Would you transcribe the lines running from the one that holds "Oppo Reno 14pro ram 12/512gb" to the last line of the records? Leave every picture out.

*** INFORMATION

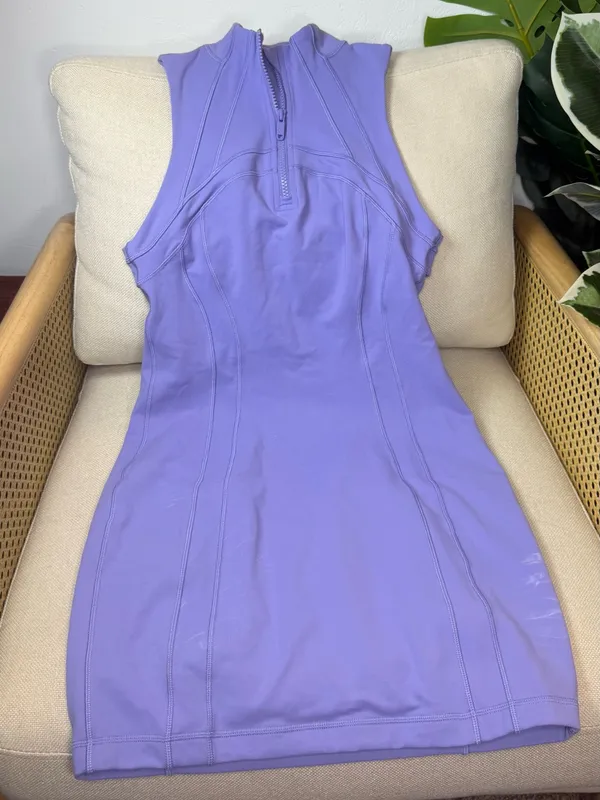 Lululemon Define Sleeveless Dress - Image 3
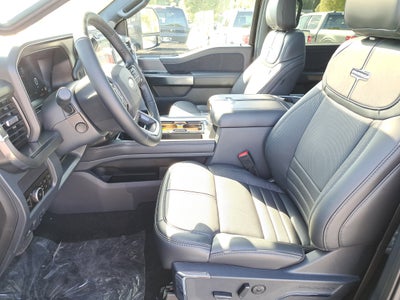 2026 Ford Super Duty F-250 SRW Platinum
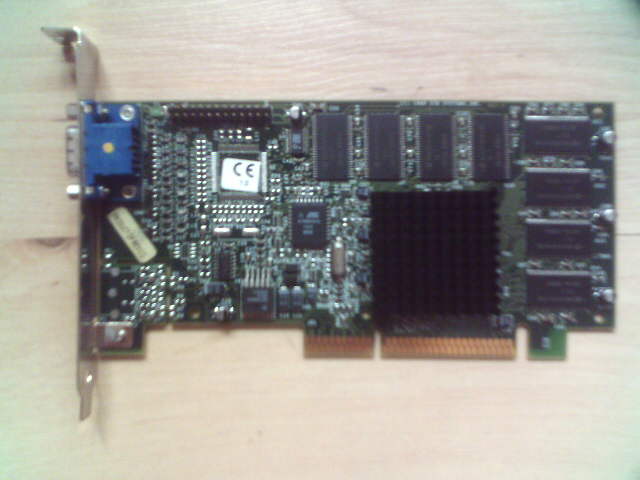 Voodoo 3 2000 AGP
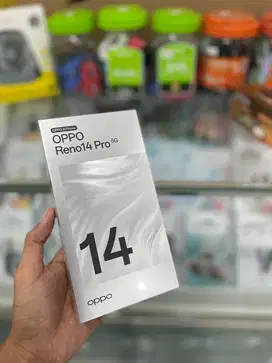 Oppo Reno 14pro ram 12/512gb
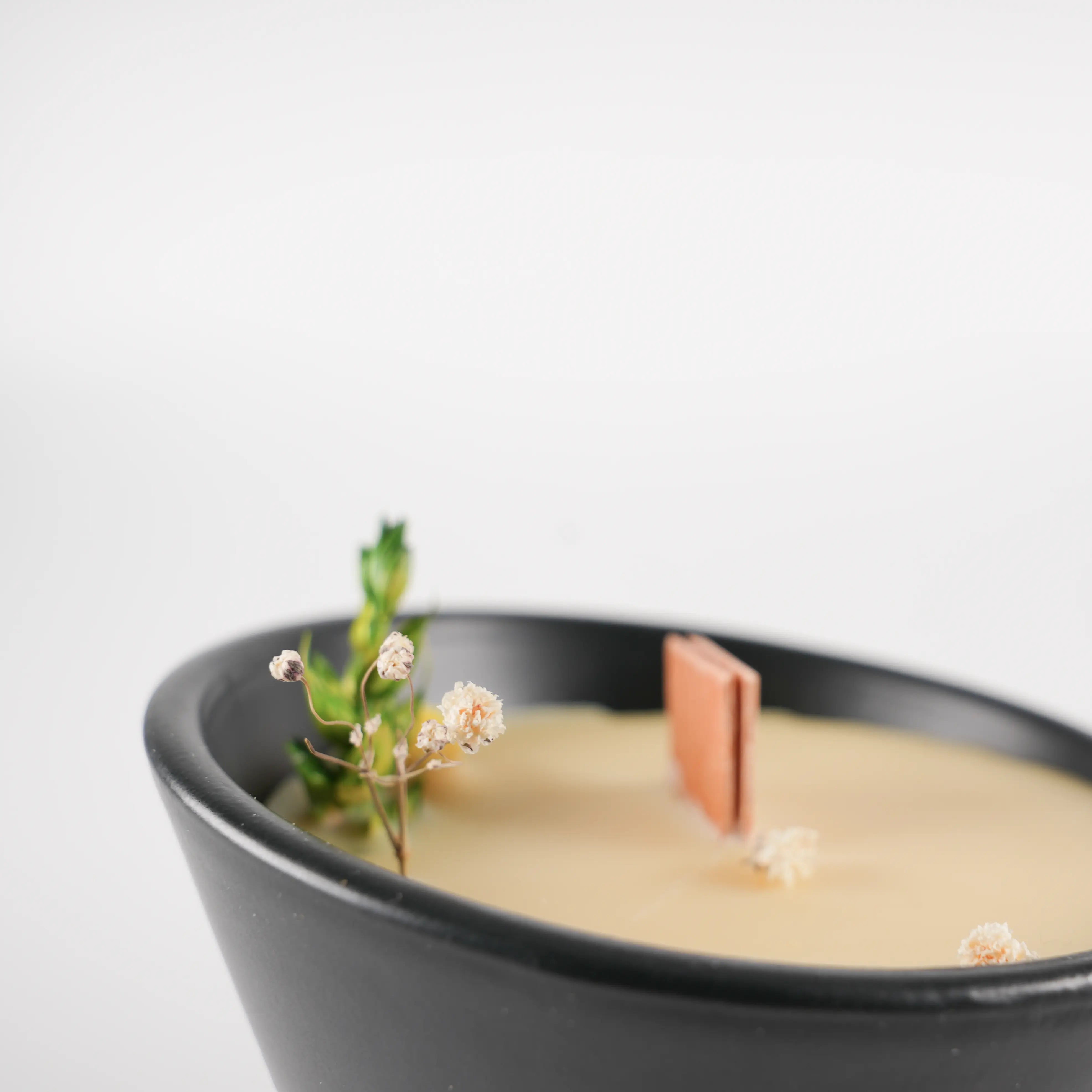 Bougie Parfumée à l’Abricot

******

● **RESPONSE BOX**
 Oppo Reno 14pro ram 12/512gb
 Bougie Parfumée à l’Abricot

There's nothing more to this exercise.